Hurtig cups his hands, and she climbs up.
There’s just room for her to stick her head and the torch through the window. The beam plays across a sturdy workbench below the window, then across a concrete floor towards some heavy-duty shelving against the wall nearest the house. She points the beam around the room, then returns to the shelving.
Completely deserted. Not a single thing inside, as far as she can see. The workbench and shelving are quite empty.
That’s all. A perfectly ordinary garage, albeit very spacious and tidy, which doesn’t seem to have been used for anything but parking cars.
Skanstull – a Neighborhood
PEOPLE SAY IT’S dangerous to wake a sleepwalker.

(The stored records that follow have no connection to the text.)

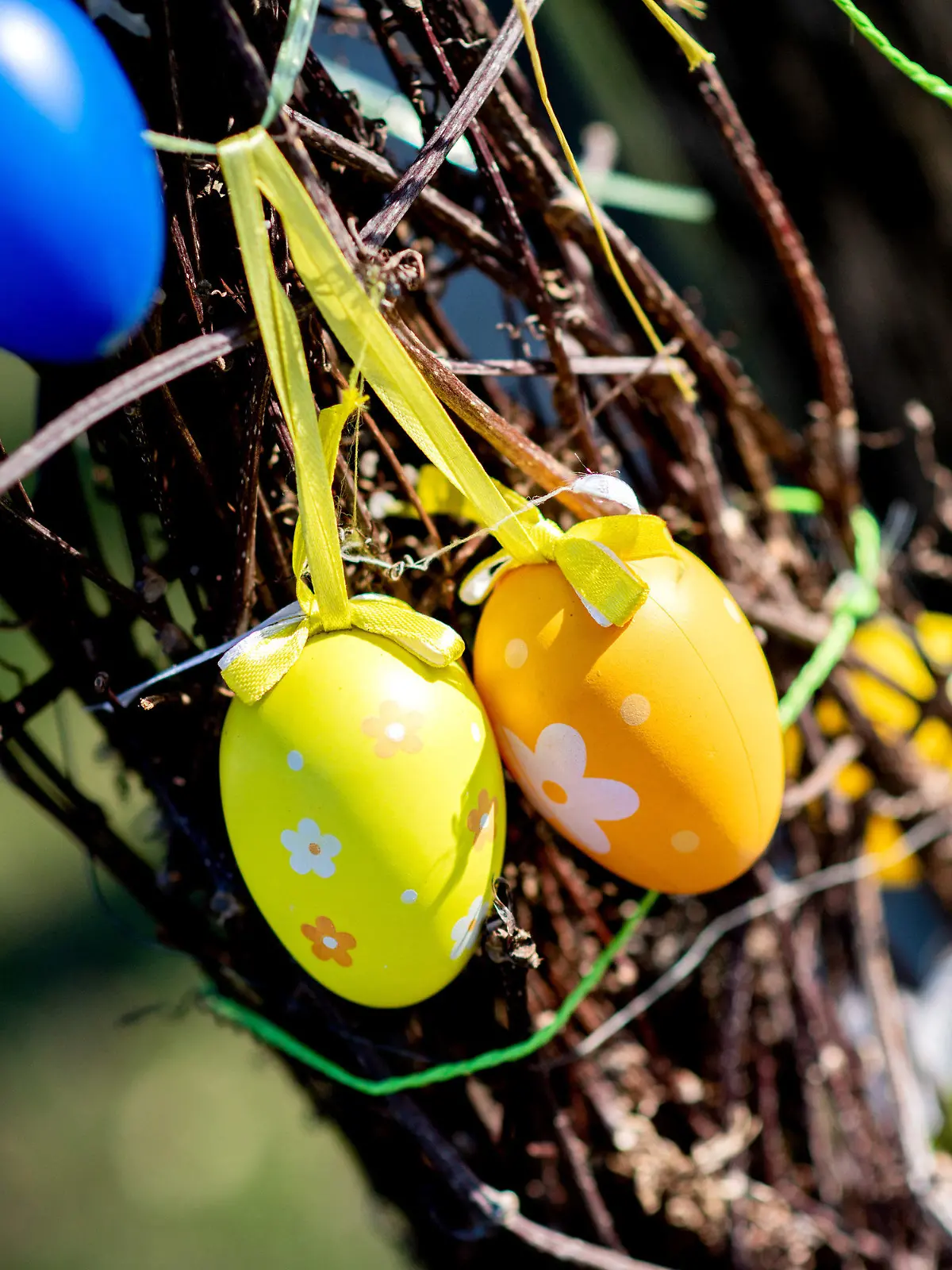31.03.2021, Niedersachsen, Ostereistedt: Bunte Ostereier hängen an einem Strauch im Ortskern. Foto: Hauke-Christian Dittrich/dpa +++ dpa-Bildfunk +++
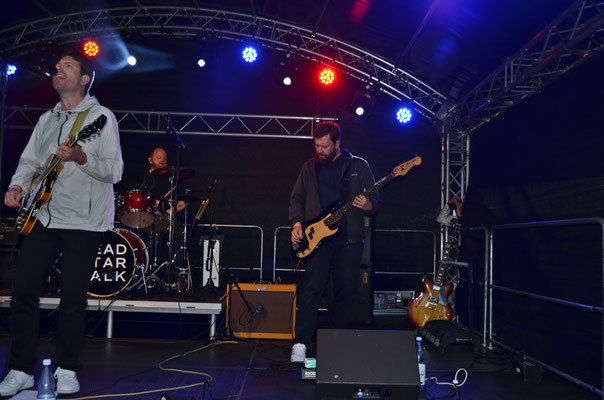 Stadtpark Kultursommer Konzert 2022 mit der Band Dead Star Talk aus Kopenhagen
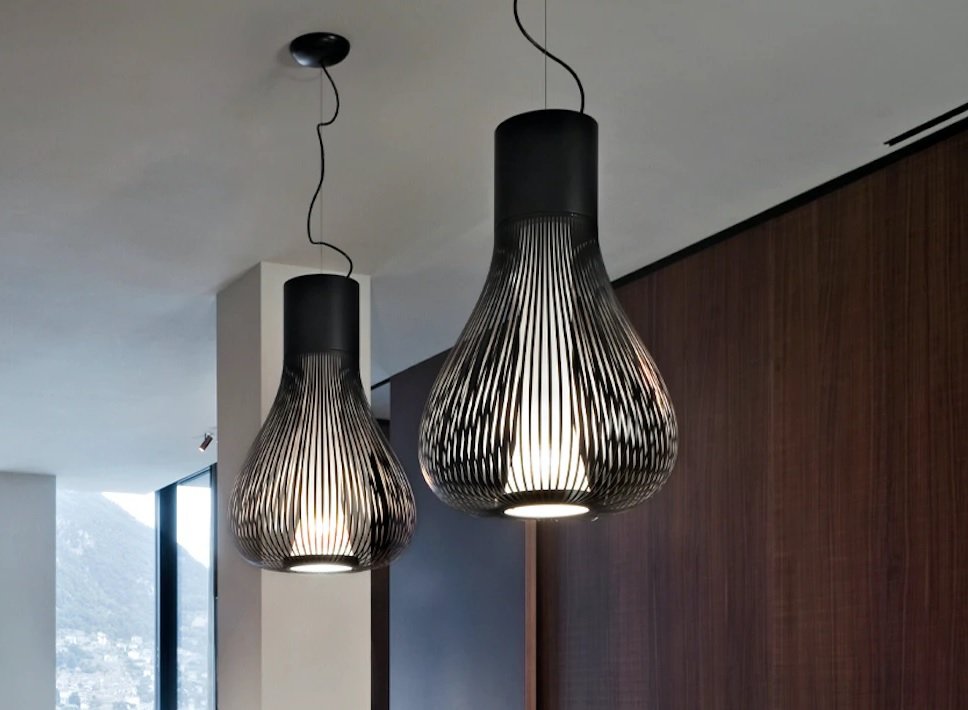 Flos Chasen Lampada a sospensione nero accesa in ambiente, design e diffusione della luce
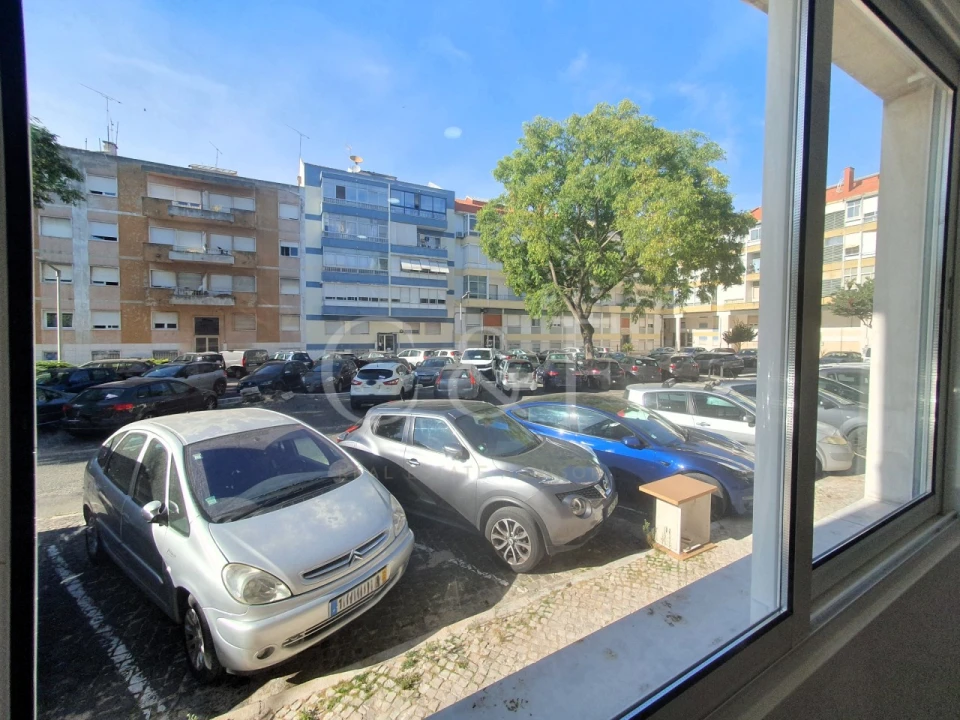 Apartamento T3 para Venda em Odivelas Foto 16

Sofia Zetterlund’s awakening in the Clarion Hotel perhaps doesn’t entirely support that thesis, but her physical reaction is so strong that she’s having trouble breathing, and her pulse rate goes so high that she can’t get up from her seat.
‘Sofia, are you OK?’
In front of her stands Carolina Glanz.
She sees a face stiff from cosmetic surgery. It’s a miracle of the human physiognomy that it can still express concern.
‘Geht es Ihnen gut?’ she hears distantly from the man beside her.
She’s no longer bothered about him. ‘Ja,’ she replies in a tone of derision, and finally manages to stand up. ‘I have to go,’ she then says to the young woman, and pushes past her roughly, without meeting her anxious gaze.
She doesn’t look back once as she walks away from the bar, through the lobby and out into the street.
Go home … I have to go home.
She goes over the pedestrian crossing towards the Ringen shopping centre, ignoring the red light, which leads to angry horn blowing and sudden braking. When she reaches the other side her legs feel like they can no longer carry her, and she sits down on one of the benches outside the shopping centre and hides her face in her hands.
Her head is still spinning, and she doesn’t notice her tears, or the driving rain.
Or the fact that someone sits down beside her.
‘You shouldn’t go there any more,’ Carolina Glanz says after a while.